On KTZZ, channel 22 in Seattle, you'll find a collection of truly vintage vintage TV. The Kate Smith Show just wrapped up, sponsored by Norge. Now another tale from The Whistler is just beginning.
True, there are 2025 commercials between the shows, all of them low-rent and crappy, for products available through an 800 number (though the URL does appear, it's always in smaller type).
Yeseterday, I was in a great mood, heightened by four consecutive episodes of Superman on the Heroes & Icons channel. All black and white, and the first even featured the original TV Lois Lane, Phyllis Coates. Flintier and not as cuddly as her successor, but pretty darned good. Those oldest black and white shows are actually serious, as opposed to the more kiddie-friendly fare later on. I still love the cruelty Supie showed when confronting the Mole Men. That trait got taken out pretty damn fast in subsequent scripts.

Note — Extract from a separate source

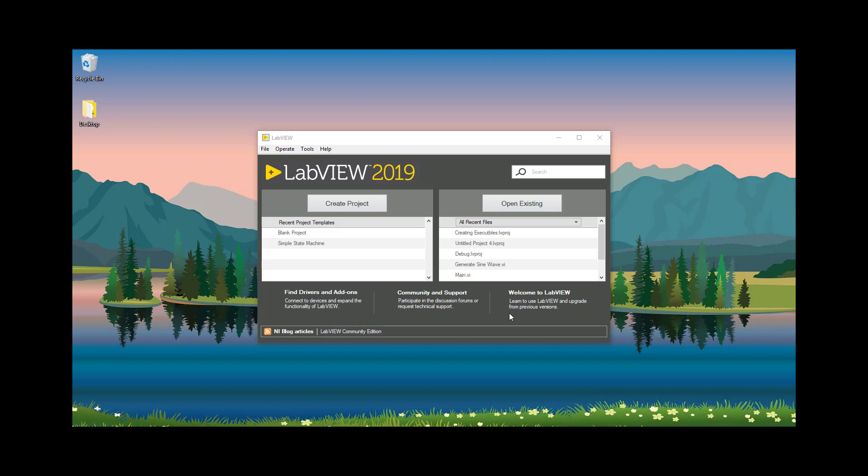To create an executable, first we need to create a project. Let's create a project.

When these shows were popular on network TV, the Yankees were indisputably the greatest team in baseball. Yogi, the Scooter, Whitey, Mickey, Moose...rarely did they miss a shot at a ring, and when they got one, they rarely missed bringing a ring home.

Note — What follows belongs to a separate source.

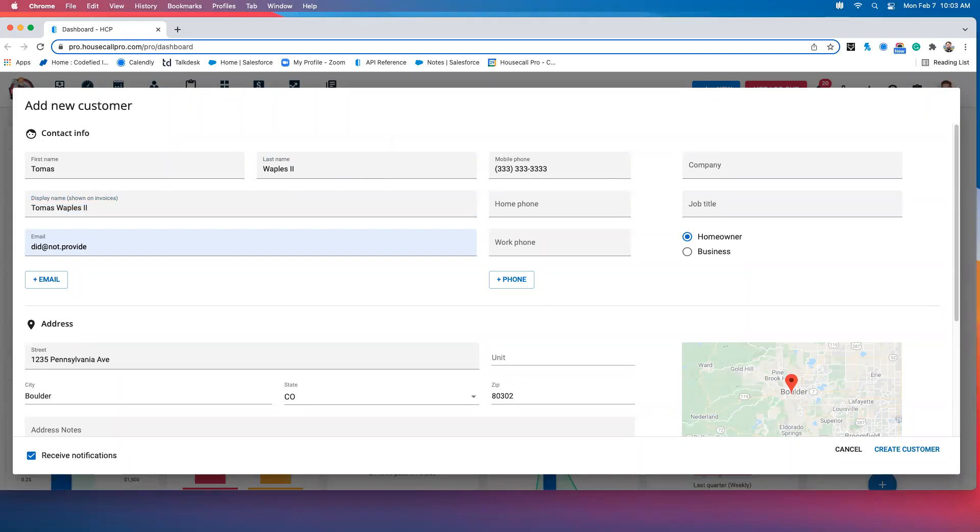Hello, and welcome to the Housecall Pro QuickBooks integration overview. I'm your host, Tomáš Waples, data specialist here at Housecall Pro, and in this video we will be looking at the Housecall Pro customer and discussing how it integrates with the QuickBooks customer.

Casey was a comedian, a sage, a purveyor of some truly strange platoon and defensive lineup moves, a tough competitor who had Rizzuto pushed off the team to make room for Enos Slaughter when the Yanks had a raft of outfielders on the injured list. (Stengel famously told the Scooter to get a shoeshine box and change careers when Phil tried out for Casey's Dodgers in the 1930s.)

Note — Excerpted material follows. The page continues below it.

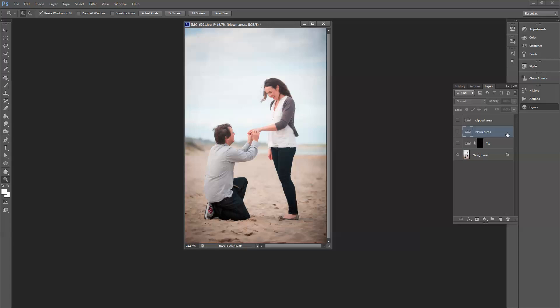So the first thing that we're going to do is click at the side in the layers panel here where we can see our three layers. Just turn on the fix for a moment. Now that won't change anything because the mask on that layer is black. That means everything is hidden until we reveal it with white. We have another two layers, one is blown areas and one is clipped areas.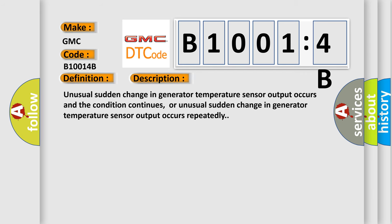Unusual sudden change in generator temperature sensor output occurs and the condition continues, or unusual sudden change in generator temperature sensor output occurs repeatedly. This diagnostic error occurs most often in these cases.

I'm an old guy who should lose 30 pounds, find a good hair growth supplement and stop thinking I can carry multiple heavy bags of groceries a mile and a half to our apartment. Yesterday, I smoked too many cigarettes and liked it, but today woke up with a slight smoker's cough and that wheezy chest feeling when I was hacking. I haven't had a drink since last Sunday because my iron is kind of high and booze suppresses the liver enzyme that keeps it under control. I've been getting a lot of headaches, mostly in and around the eyes, thanks to the constantly damp, gloomy weather in this corner of the current Reich (the Third having resurrected in the USA).
But even if I wasn't born yet and then not old enough to appreciate the 1950s Yanks, I wish some of their ashes would drift down onto today's sadly mediocre team, from the front office to the dugout to the broadcast booth.
Obviously, that ain't happening. However, the $64,000 Question just started, sponsored by Revlon, in a Christmassy-decorated episode. Sure, that show became the most prominent of crooked quiz shows, eventually. Scooter also got pushed out of short into the broadcast booth. But before those events, we had some team.
The contestent is in the Isolation Booth and can win a 1956 Caddy. I gotta go.